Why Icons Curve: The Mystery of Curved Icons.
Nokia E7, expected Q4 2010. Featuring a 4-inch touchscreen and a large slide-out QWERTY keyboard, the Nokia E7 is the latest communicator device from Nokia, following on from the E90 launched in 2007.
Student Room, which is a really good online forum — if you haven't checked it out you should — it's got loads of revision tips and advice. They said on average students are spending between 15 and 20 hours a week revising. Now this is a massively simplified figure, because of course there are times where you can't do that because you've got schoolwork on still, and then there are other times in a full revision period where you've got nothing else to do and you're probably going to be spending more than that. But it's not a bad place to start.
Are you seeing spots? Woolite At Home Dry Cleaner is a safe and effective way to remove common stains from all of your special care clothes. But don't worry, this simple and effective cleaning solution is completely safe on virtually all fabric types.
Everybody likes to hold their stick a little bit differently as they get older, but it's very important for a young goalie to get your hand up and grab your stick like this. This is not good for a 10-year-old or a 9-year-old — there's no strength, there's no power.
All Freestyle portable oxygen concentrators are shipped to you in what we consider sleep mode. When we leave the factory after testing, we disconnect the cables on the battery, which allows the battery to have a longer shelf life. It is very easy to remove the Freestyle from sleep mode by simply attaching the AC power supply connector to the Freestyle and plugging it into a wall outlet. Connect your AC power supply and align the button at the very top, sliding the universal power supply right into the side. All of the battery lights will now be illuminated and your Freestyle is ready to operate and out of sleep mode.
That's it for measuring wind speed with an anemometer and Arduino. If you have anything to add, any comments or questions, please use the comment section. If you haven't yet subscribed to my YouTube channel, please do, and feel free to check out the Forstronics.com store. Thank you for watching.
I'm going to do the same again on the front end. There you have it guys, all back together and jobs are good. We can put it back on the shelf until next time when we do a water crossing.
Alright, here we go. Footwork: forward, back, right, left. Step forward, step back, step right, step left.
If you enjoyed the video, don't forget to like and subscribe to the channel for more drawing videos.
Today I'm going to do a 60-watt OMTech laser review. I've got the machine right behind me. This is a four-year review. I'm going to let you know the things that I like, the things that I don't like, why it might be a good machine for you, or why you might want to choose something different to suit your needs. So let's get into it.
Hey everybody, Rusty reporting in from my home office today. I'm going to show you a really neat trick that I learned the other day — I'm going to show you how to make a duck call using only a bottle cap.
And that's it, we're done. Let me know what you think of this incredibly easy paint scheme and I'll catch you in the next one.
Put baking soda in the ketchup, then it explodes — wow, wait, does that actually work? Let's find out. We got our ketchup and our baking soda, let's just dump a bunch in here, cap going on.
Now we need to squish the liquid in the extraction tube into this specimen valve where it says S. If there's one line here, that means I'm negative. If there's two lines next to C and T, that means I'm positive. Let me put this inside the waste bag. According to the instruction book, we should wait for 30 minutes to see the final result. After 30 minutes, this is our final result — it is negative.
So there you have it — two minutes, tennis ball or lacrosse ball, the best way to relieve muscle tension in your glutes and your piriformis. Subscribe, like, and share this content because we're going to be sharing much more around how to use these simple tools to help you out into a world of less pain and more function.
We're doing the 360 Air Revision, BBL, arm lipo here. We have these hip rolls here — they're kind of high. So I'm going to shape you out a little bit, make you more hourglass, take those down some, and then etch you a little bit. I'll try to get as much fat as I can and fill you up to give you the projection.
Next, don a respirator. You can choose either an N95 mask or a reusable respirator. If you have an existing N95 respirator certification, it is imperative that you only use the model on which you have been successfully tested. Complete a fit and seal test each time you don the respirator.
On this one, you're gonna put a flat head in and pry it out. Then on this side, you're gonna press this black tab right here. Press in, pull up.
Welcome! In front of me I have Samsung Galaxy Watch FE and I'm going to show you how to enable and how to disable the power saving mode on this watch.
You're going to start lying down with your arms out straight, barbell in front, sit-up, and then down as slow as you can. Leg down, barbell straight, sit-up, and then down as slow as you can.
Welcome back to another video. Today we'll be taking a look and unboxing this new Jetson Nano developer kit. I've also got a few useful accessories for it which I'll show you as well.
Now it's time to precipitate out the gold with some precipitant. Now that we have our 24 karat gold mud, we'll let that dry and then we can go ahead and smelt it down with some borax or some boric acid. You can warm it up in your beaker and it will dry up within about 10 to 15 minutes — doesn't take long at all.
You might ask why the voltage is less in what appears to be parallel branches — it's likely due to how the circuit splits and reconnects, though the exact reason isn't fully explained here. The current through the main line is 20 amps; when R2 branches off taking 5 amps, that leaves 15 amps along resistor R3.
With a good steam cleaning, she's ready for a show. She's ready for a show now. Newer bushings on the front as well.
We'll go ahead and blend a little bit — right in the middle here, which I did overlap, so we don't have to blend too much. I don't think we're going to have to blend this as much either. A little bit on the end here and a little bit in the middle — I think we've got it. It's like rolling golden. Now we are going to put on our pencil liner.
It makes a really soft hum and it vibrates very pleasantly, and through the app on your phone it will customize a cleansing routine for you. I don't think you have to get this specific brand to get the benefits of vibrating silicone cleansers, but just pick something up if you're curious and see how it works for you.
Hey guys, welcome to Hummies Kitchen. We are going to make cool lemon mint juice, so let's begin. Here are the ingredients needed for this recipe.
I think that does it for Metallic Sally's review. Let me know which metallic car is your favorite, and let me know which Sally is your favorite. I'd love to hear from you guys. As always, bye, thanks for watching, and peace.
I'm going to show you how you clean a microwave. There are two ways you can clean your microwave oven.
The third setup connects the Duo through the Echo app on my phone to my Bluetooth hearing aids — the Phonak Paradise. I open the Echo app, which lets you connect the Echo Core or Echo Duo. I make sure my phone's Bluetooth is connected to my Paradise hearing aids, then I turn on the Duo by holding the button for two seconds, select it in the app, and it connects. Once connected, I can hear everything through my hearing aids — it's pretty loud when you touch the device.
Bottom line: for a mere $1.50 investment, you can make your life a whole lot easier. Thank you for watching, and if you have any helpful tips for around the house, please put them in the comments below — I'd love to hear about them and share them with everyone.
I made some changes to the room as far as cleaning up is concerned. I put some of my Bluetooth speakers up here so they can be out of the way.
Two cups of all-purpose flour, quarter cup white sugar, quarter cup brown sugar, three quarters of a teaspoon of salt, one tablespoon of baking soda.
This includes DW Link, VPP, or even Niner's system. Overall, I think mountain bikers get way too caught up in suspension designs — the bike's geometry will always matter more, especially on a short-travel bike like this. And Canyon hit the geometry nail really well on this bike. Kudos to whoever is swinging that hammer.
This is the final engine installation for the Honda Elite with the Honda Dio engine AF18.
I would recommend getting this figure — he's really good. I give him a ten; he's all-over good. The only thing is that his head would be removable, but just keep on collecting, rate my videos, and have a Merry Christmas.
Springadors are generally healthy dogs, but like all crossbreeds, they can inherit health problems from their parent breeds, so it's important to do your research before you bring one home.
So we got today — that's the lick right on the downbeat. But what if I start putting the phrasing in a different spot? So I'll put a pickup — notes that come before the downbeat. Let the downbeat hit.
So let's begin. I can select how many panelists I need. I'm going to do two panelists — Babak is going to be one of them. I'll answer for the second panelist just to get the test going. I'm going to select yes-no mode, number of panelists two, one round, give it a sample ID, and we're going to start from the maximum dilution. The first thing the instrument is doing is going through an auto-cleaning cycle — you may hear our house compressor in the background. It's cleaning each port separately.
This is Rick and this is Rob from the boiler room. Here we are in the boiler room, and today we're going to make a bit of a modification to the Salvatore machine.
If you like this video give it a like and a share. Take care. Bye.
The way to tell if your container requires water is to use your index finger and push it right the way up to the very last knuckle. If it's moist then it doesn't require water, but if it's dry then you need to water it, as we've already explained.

_ _ _

■ PROBLEM ■
Repeat all the entries word for word.

■ SOLUTION ■
Why Icons Curve: The Mystery of Curved Icons.
Nokia E7, expected Q4 2010. Featuring a 4-inch touchscreen and a large slide-out QWERTY keyboard, the Nokia E7 is the latest communicator device from Nokia, following on from the E90 launched in 2007.
Student Room, which is a really good online forum — if you haven't checked it out you should — it's got loads of revision tips and advice. They said on average students are spending between 15 and 20 hours a week revising. Now this is a massively simplified figure, because of course there are times where you can't do that because you've got schoolwork on still, and then there are other times in a full revision period where you've got nothing else to do and you're probably going to be spending more than that. But it's not a bad place to start.
Are you seeing spots? Woolite At Home Dry Cleaner is a safe and effective way to remove common stains from all of your special care clothes. But don't worry, this simple and effective cleaning solution is completely safe on virtually all fabric types.
Everybody likes to hold their stick a little bit differently as they get older, but it's very important for a young goalie to get your hand up and grab your stick like this. This is not good for a 10-year-old or a 9-year-old — there's no strength, there's no power.
All Freestyle portable oxygen concentrators are shipped to you in what we consider sleep mode. When we leave the factory after testing, we disconnect the cables on the battery, which allows the battery to have a longer shelf life. It is very easy to remove the Freestyle from sleep mode by simply attaching the AC power supply connector to the Freestyle and plugging it into a wall outlet. Connect your AC power supply and align the button at the very top, sliding the universal power supply right into the side. All of the battery lights will now be illuminated and your Freestyle is ready to operate and out of sleep mode.
That's it for measuring wind speed with an anemometer and Arduino. If you have anything to add, any comments or questions, please use the comment section. If you haven't yet subscribed to my YouTube channel, please do, and feel free to check out the Forstronics.com store. Thank you for watching.
I'm going to do the same again on the front end. There you have it guys, all back together and jobs are good. We can put it back on the shelf until next time when we do a water crossing.
Alright, here we go. Footwork: forward, back, right, left. Step forward, step back, step right, step left.
If you enjoyed the video, don't forget to like and subscribe to the channel for more drawing videos.
Today I'm going to do a 60-watt OMTech laser review. I've got the machine right behind me. This is a four-year review. I'm going to let you know the things that I like, the things that I don't like, why it might be a good machine for you, or why you might want to choose something different to suit your needs. So let's get into it.
Hey everybody, Rusty reporting in from my home office today. I'm going to show you a really neat trick that I learned the other day — I'm going to show you how to make a duck call using only a bottle cap.
And that's it, we're done. Let me know what you think of this incredibly easy paint scheme and I'll catch you in the next one.
Put baking soda in the ketchup, then it explodes — wow, wait, does that actually work? Let's find out. We got our ketchup and our baking soda, let's just dump a bunch in here, cap going on.
Now we need to squish the liquid in the extraction tube into this specimen valve where it says S. If there's one line here, that means I'm negative. If there's two lines next to C and T, that means I'm positive. Let me put this inside the waste bag. According to the instruction book, we should wait for 30 minutes to see the final result. After 30 minutes, this is our final result — it is negative.
So there you have it — two minutes, tennis ball or lacrosse ball, the best way to relieve muscle tension in your glutes and your piriformis. Subscribe, like, and share this content because we're going to be sharing much more around how to use these simple tools to help you out into a world of less pain and more function.
We're doing the 360 Air Revision, BBL, arm lipo here. We have these hip rolls here — they're kind of high. So I'm going to shape you out a little bit, make you more hourglass, take those down some, and then etch you a little bit. I'll try to get as much fat as I can and fill you up to give you the projection.
Next, don a respirator. You can choose either an N95 mask or a reusable respirator. If you have an existing N95 respirator certification, it is imperative that you only use the model on which you have been successfully tested. Complete a fit and seal test each time you don the respirator.
On this one, you're gonna put a flat head in and pry it out. Then on this side, you're gonna press this black tab right here. Press in, pull up.
Welcome! In front of me I have Samsung Galaxy Watch FE and I'm going to show you how to enable and how to disable the power saving mode on this watch.
You're going to start lying down with your arms out straight, barbell in front, sit-up, and then down as slow as you can. Leg down, barbell straight, sit-up, and then down as slow as you can.
Welcome back to another video. Today we'll be taking a look and unboxing this new Jetson Nano developer kit. I've also got a few useful accessories for it which I'll show you as well.
Now it's time to precipitate out the gold with some precipitant. Now that we have our 24 karat gold mud, we'll let that dry and then we can go ahead and smelt it down with some borax or some boric acid. You can warm it up in your beaker and it will dry up within about 10 to 15 minutes — doesn't take long at all.
You might ask why the voltage is less in what appears to be parallel branches — it's likely due to how the circuit splits and reconnects, though the exact reason isn't fully explained here. The current through the main line is 20 amps; when R2 branches off taking 5 amps, that leaves 15 amps along resistor R3.
With a good steam cleaning, she's ready for a show. She's ready for a show now. Newer bushings on the front as well.
We'll go ahead and blend a little bit — right in the middle here, which I did overlap, so we don't have to blend too much. I don't think we're going to have to blend this as much either. A little bit on the end here and a little bit in the middle — I think we've got it. It's like rolling golden. Now we are going to put on our pencil liner.
It makes a really soft hum and it vibrates very pleasantly, and through the app on your phone it will customize a cleansing routine for you. I don't think you have to get this specific brand to get the benefits of vibrating silicone cleansers, but just pick something up if you're curious and see how it works for you.
Hey guys, welcome to Hummies Kitchen. We are going to make cool lemon mint juice, so let's begin. Here are the ingredients needed for this recipe.
I think that does it for Metallic Sally's review. Let me know which metallic car is your favorite, and let me know which Sally is your favorite. I'd love to hear from you guys. As always, bye, thanks for watching, and peace.
I'm going to show you how you clean a microwave. There are two ways you can clean your microwave oven.
The third setup connects the Duo through the Echo app on my phone to my Bluetooth hearing aids — the Phonak Paradise. I open the Echo app, which lets you connect the Echo Core or Echo Duo. I make sure my phone's Bluetooth is connected to my Paradise hearing aids, then I turn on the Duo by holding the button for two seconds, select it in the app, and it connects. Once connected, I can hear everything through my hearing aids — it's pretty loud when you touch the device.
Bottom line: for a mere $1.50 investment, you can make your life a whole lot easier. Thank you for watching, and if you have any helpful tips for around the house, please put them in the comments below — I'd love to hear about them and share them with everyone.
I made some changes to the room as far as cleaning up is concerned. I put some of my Bluetooth speakers up here so they can be out of the way.
Two cups of all-purpose flour, quarter cup white sugar, quarter cup brown sugar, three quarters of a teaspoon of salt, one tablespoon of baking soda.
This includes DW Link, VPP, or even Niner's system. Overall, I think mountain bikers get way too caught up in suspension designs — the bike's geometry will always matter more, especially on a short-travel bike like this. And Canyon hit the geometry nail really well on this bike. Kudos to whoever is swinging that hammer.
This is the final engine installation for the Honda Elite with the Honda Dio engine AF18.
I would recommend getting this figure — he's really good. I give him a ten; he's all-over good. The only thing is that his head would be removable, but just keep on collecting, rate my videos, and have a Merry Christmas.
Springadors are generally healthy dogs, but like all crossbreeds, they can inherit health problems from their parent breeds, so it's important to do your research before you bring one home.
So we got today — that's the lick right on the downbeat. But what if I start putting the phrasing in a different spot? So I'll put a pickup — notes that come before the downbeat. Let the downbeat hit.
So let's begin. I can select how many panelists I need. I'm going to do two panelists — Babak is going to be one of them. I'll answer for the second panelist just to get the test going. I'm going to select yes-no mode, number of panelists two, one round, give it a sample ID, and we're going to start from the maximum dilution. The first thing the instrument is doing is going through an auto-cleaning cycle — you may hear our house compressor in the background. It's cleaning each port separately.
This is Rick and this is Rob from the boiler room. Here we are in the boiler room, and today we're going to make a bit of a modification to the Salvatore machine.
If you like this video give it a like and a share. Take care. Bye.
The way to tell if your container requires water is to use your index finger and push it right the way up to the very last knuckle. If it's moist then it doesn't require water, but if it's dry then you need to water it, as we've already explained.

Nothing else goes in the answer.